NASA's Goddard Space Flight Center in Greenbelt, Maryland, is leading the management of the observatory project. The project scientist for the James Webb Space Telescope is John C. Mather. Northrop Grumman Aerospace Systems serves as the primary contractor for the development and integration of the observatory. They are responsible for developing and building the spacecraft element, which includes both the spacecraft bus and sunshield. Ball Aerospace has been subcontracted to develop and build the Optical Telescope Element (OTE). Northrop Grumman's Astro Aerospace business unit has been contracted to build the Deployable Tower Assembly (DTA) which connects the OTE to the spacecraft bus and the Mid Boom Assembly (MBA) which helps to deploy the large sunshields on orbit. Goddard Space Flight Center is also responsible for providing the Integrated Science Instrument Module (ISIM). A solar panel converts sunlight into electrical power that recharges batteries needed to operate the other subsystems, as well as the science instruments, but heat from these operations must be dissipated for optimal instrument performance at 50 K (−220 °C; −370 °F).
Cost growth revealed in spring 2005 led to an August 2005 re-planning. The primary technical outcomes of the re-planning were significant changes in the integration and test plans, a 22-month launch delay (from 2011 to 2013), and elimination of system-level testing for observatory modes at wavelength shorter than 1.7 micrometers. Other major features of the observatory were unchanged. Following the re-planning, the project was independently reviewed in April 2006. The review concluded the project was technically sound, but that funding phasing at NASA needed to be changed. NASA re-phased its JWST budgets accordingly.
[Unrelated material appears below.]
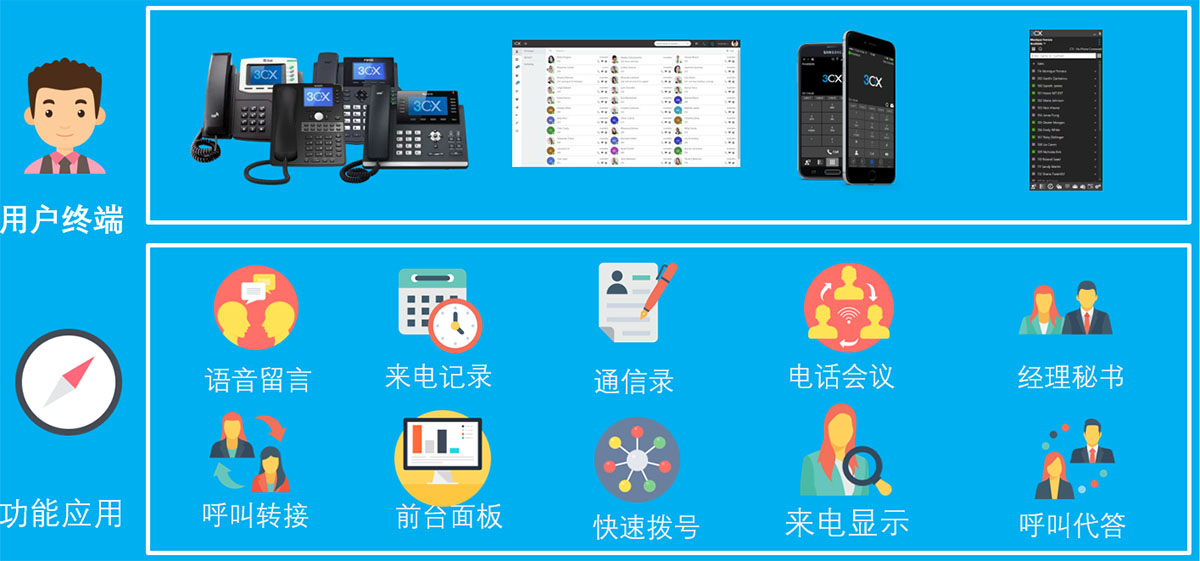 3CX用户端应用接入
In the 2005 re-plan, the life-cycle cost of the project was estimated at about US$4.5 billion. This comprised approximately US$3.5 billion for design, development, launch and commissioning, and approximately US$1.0 billion for ten years of operations. ESA is contributing about €300 million, including the launch, and the Canadian Space Agency about $39M Canadian.
In January 2007, nine of the ten technology development items in the project successfully passed a non-advocate review. These technologies were deemed sufficiently mature to retire significant risks in the project. The remaining technology development item (the MIRI cryocooler) completed its technology maturation milestone in April 2007. This technology review represented the beginning step in the process that ultimately moved the project into its detailed design phase (Phase C). By May 2007, costs were still on target. In March 2008, the project successfully completed its Preliminary Design Review (PDR). In April 2008, the project passed the Non-Advocate Review. Other passed reviews include the Integrated Science Instrument Module review in March 2009, the Optical Telescope Element review completed in October 2009, and the Sunshield review completed in January 2010.
In April 2010, the telescope passed the technical portion of its Mission Critical Design Review (MCDR). Passing the MCDR signified the integrated observatory can meet all science and engineering requirements for its mission. The MCDR encompassed all previous design reviews. The project schedule underwent review during the months following the MCDR, in a process called the Independent Comprehensive Review Panel, which led to a re-plan of the mission aiming for a 2015 launch, but as late as 2018. By 2010, cost over-runs were impacting other project, though JWST itself remained on schedule.
By 2011, the JWST project was in the final design and fabrication phase (Phase C). As is typical for a complex design that cannot be changed once launched, there are detailed reviews of every portion of design, construction, and proposed operation. New technological frontiers have been pioneered by the project, and it has passed its design reviews. In the 1990s it was unknown if a telescope so large and low mass was possible.
Assembly of the hexagonal segments of the primary mirror, which was done via robotic arm, began in November 2015 and was completed in February 2016. Final construction of the Webb telescope was completed in November 2016, after which extensive testing procedures began.
Cost and schedule issues
|1997||2007||0.5 Billion USD|
|1999||2007 to 2008||1|
|2010||2015 to 2016||6.5|
A 2006 article in the journal Nature noted a study in 1984 by the Space Science Board, which estimated that a next generation infrared observatory would cost $4 billion (about $7 billion in 2006 dollars). In June 2011, it was reported that the Webb telescope would cost at least four times more than originally proposed, and launch at least seven years late. Initial budget estimates were that the observatory would cost $1.6 billion and launch in 2011. NASA has now scheduled the telescope for a 2019 launch.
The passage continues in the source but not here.